START Data extracts
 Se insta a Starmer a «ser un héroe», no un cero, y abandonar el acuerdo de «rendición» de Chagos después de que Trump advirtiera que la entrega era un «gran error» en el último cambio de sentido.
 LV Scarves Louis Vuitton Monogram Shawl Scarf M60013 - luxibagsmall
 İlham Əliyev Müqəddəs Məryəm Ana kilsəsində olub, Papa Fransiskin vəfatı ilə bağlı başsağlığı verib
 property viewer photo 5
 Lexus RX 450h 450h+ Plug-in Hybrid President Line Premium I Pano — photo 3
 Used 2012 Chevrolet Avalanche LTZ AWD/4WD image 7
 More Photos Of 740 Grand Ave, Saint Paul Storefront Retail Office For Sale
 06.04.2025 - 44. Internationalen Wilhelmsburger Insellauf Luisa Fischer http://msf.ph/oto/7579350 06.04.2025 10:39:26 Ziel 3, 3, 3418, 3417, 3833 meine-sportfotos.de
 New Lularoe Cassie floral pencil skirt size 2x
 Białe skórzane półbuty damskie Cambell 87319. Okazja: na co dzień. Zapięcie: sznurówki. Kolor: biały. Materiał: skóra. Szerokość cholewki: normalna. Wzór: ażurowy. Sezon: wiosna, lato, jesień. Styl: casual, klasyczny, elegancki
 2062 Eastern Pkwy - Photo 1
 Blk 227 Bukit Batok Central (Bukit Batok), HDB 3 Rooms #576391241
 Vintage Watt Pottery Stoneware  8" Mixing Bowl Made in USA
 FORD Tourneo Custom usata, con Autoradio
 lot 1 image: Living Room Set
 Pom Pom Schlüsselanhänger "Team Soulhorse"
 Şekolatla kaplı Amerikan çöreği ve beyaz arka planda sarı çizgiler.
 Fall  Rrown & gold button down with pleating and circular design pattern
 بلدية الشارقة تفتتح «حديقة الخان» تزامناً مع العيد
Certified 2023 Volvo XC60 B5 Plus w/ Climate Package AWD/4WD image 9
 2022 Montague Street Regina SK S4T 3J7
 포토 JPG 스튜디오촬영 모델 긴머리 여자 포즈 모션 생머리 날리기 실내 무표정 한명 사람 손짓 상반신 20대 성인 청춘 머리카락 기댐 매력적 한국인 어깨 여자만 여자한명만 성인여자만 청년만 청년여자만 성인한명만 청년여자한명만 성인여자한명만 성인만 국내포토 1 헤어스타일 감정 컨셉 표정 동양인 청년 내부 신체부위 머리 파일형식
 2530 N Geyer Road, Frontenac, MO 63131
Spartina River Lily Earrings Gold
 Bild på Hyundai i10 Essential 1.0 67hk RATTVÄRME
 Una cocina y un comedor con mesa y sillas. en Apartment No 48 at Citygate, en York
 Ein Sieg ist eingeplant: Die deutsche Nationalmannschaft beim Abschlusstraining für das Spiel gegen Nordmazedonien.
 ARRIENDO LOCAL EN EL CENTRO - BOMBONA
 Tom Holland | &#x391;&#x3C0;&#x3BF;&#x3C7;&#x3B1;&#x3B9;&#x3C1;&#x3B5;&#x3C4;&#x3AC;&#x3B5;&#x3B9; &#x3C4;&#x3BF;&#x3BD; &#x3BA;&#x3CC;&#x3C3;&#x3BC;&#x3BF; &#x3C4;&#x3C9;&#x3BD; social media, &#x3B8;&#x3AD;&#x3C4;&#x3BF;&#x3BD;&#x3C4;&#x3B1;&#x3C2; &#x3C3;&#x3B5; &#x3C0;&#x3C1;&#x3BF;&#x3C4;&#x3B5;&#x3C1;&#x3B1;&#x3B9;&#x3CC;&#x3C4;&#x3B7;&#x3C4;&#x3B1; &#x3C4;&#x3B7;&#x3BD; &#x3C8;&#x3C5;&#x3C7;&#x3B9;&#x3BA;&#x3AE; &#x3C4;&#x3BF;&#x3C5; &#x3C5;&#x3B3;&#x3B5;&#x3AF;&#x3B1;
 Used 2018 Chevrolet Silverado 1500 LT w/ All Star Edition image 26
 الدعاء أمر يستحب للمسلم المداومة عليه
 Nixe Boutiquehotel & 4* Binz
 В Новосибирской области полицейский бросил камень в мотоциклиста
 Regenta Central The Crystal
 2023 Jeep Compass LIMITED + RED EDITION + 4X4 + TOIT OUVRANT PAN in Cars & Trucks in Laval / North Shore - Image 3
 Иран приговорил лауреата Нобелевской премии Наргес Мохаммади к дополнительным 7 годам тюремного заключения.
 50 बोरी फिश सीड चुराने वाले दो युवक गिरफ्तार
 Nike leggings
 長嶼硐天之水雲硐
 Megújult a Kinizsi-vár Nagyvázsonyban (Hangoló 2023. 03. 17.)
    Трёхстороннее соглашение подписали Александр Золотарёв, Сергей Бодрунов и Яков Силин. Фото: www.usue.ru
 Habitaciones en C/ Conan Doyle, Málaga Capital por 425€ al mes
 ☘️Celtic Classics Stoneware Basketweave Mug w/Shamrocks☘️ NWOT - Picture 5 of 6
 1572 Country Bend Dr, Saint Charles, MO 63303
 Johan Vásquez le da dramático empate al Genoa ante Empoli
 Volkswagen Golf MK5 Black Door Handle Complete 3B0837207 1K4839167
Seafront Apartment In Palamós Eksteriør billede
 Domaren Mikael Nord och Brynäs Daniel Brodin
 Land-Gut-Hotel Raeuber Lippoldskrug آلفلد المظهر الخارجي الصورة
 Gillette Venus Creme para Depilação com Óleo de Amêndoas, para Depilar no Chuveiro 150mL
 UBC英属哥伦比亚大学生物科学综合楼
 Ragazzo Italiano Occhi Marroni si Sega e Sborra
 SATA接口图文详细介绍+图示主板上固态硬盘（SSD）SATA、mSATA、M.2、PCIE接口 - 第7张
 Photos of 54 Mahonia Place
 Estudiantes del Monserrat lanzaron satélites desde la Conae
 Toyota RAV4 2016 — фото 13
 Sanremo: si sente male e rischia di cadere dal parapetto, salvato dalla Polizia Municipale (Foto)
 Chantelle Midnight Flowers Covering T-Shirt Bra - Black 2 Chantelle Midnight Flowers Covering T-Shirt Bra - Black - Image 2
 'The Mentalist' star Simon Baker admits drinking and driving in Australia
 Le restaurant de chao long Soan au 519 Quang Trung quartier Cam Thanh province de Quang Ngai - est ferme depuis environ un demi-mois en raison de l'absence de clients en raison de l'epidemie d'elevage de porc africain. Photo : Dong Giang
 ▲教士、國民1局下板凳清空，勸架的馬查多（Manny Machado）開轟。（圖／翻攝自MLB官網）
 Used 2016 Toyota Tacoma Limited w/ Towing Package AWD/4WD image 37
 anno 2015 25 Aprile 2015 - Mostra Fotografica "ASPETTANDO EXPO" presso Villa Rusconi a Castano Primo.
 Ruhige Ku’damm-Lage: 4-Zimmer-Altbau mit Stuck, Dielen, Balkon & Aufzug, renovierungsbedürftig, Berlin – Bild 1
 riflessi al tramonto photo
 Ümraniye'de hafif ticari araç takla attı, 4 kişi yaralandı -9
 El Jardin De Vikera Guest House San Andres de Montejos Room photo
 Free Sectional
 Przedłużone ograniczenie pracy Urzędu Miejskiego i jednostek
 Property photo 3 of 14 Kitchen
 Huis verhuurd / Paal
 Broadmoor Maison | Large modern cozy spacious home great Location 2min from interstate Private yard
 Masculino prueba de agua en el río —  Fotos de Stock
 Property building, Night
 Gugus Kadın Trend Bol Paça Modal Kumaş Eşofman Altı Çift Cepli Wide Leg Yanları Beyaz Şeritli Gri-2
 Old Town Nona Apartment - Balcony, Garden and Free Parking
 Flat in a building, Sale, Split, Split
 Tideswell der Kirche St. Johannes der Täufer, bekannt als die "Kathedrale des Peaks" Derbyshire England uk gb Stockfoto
END Data extracts
*What to produce*
Look back at the data above. Transcribe exactly the lines starting at the line that contains "Habitaciones en C/" and ending at the line that contains "driving in Australia".

*Written solution*
 Habitaciones en C/ Conan Doyle, Málaga Capital por 425€ al mes
 ☘️Celtic Classics Stoneware Basketweave Mug w/Shamrocks☘️ NWOT - Picture 5 of 6
 1572 Country Bend Dr, Saint Charles, MO 63303
 Johan Vásquez le da dramático empate al Genoa ante Empoli
 Volkswagen Golf MK5 Black Door Handle Complete 3B0837207 1K4839167
Seafront Apartment In Palamós Eksteriør billede
 Domaren Mikael Nord och Brynäs Daniel Brodin
 Land-Gut-Hotel Raeuber Lippoldskrug آلفلد المظهر الخارجي الصورة
 Gillette Venus Creme para Depilação com Óleo de Amêndoas, para Depilar no Chuveiro 150mL
 UBC英属哥伦比亚大学生物科学综合楼
 Ragazzo Italiano Occhi Marroni si Sega e Sborra
 SATA接口图文详细介绍+图示主板上固态硬盘（SSD）SATA、mSATA、M.2、PCIE接口 - 第7张
 Photos of 54 Mahonia Place
 Estudiantes del Monserrat lanzaron satélites desde la Conae
 Toyota RAV4 2016 — фото 13
 Sanremo: si sente male e rischia di cadere dal parapetto, salvato dalla Polizia Municipale (Foto)
 Chantelle Midnight Flowers Covering T-Shirt Bra - Black 2 Chantelle Midnight Flowers Covering T-Shirt Bra - Black - Image 2
 'The Mentalist' star Simon Baker admits drinking and driving in Australia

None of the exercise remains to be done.